American software company

Accusoft is an American software company headquartered in Tampa, Florida. It was founded in 1991 as Pegasus Imaging, by Jack Berlin. In July 2025, Accusoft was acquired by US document-technology company Apryse.

Currently, the company provides imaging software development kits (SDKs) and applications for multiple platforms and development environments, including iOS, Android, .NET, Silverlight, ASP.NET, ActiveX, Java, Linux, Solaris, macOS, and IBM AIX.

Distribution of products is worldwide through various partners, resellers, and distributors.

== History ==
Accusoft was originally founded as Pegasus Imaging in 1991. It was established by Jack Berlin, who is the CEO and President. In 1997, it acquired Imaging, Barcode, OCR, and ICR companies. TMS Sequoia, a competitor that offered document image cleanup technology, was acquired in 2004.

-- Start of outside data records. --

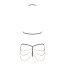 Set Lenjerie Intima Obsessive Redella - Negru - detaliu finisaj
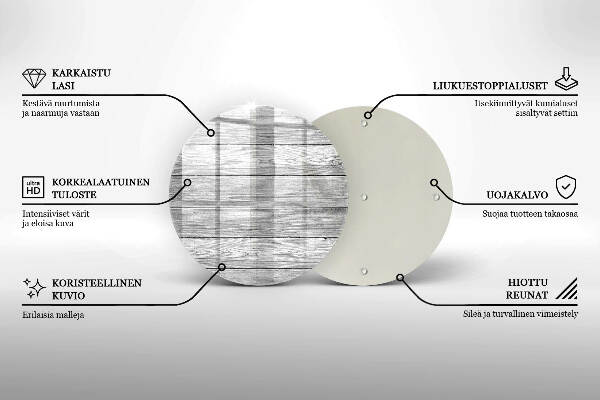 Posavaso de vidrio para velas funerarias Tablas de madera viejas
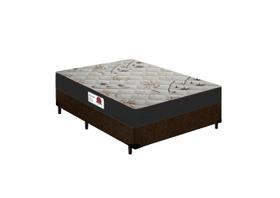 Cama Box Casal + Colchão Top Line Mola Bonnel Serra Negra 60x138x188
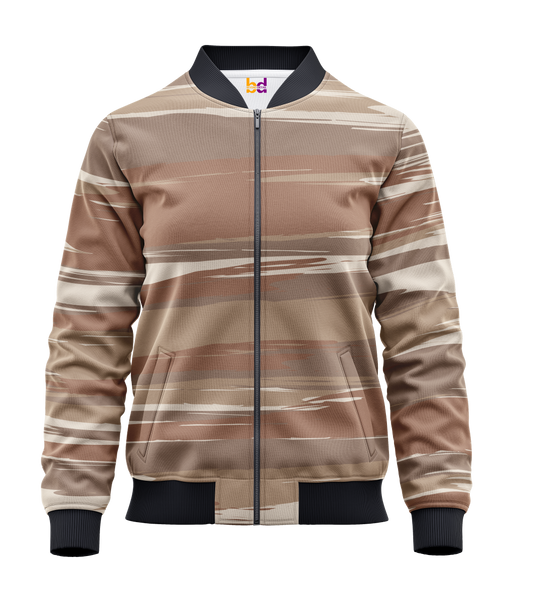 Brown Camouflage Bomber Jacket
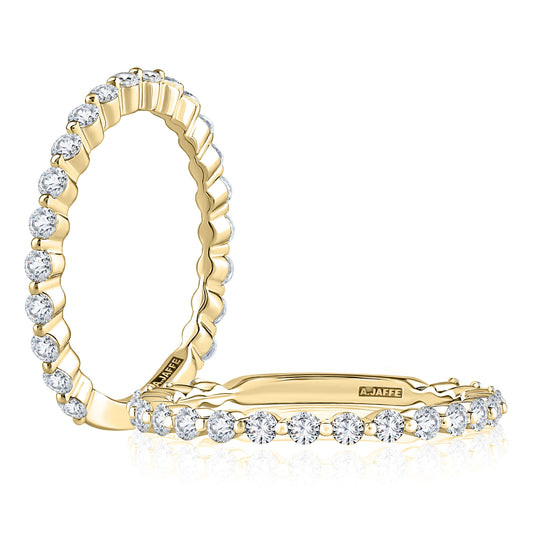 A. Jaffe Single Prong Diamond Band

In December 2008, Accusoft was acquired, adding additional imaging products, including ImageGear. Three weeks later, the acquisition of Tasman Software was announced, adding Java and Java ME Barcode technology. During March 2009, Pegasus Imaging was rebranded to Accusoft Pegasus.

On October 3, 2011, Adeptol was acquired, adding viewing technology to existing viewing product offerings. On February 21, 2012, Accusoft Pegasus was rebranded as Accusoft.

In 2022, Accusoft made its fourth and largest acquisition with Snowbound for an undisclosed amount, which will expand Accusoft's product portfolio to include document viewing and conversion software development kit solutions.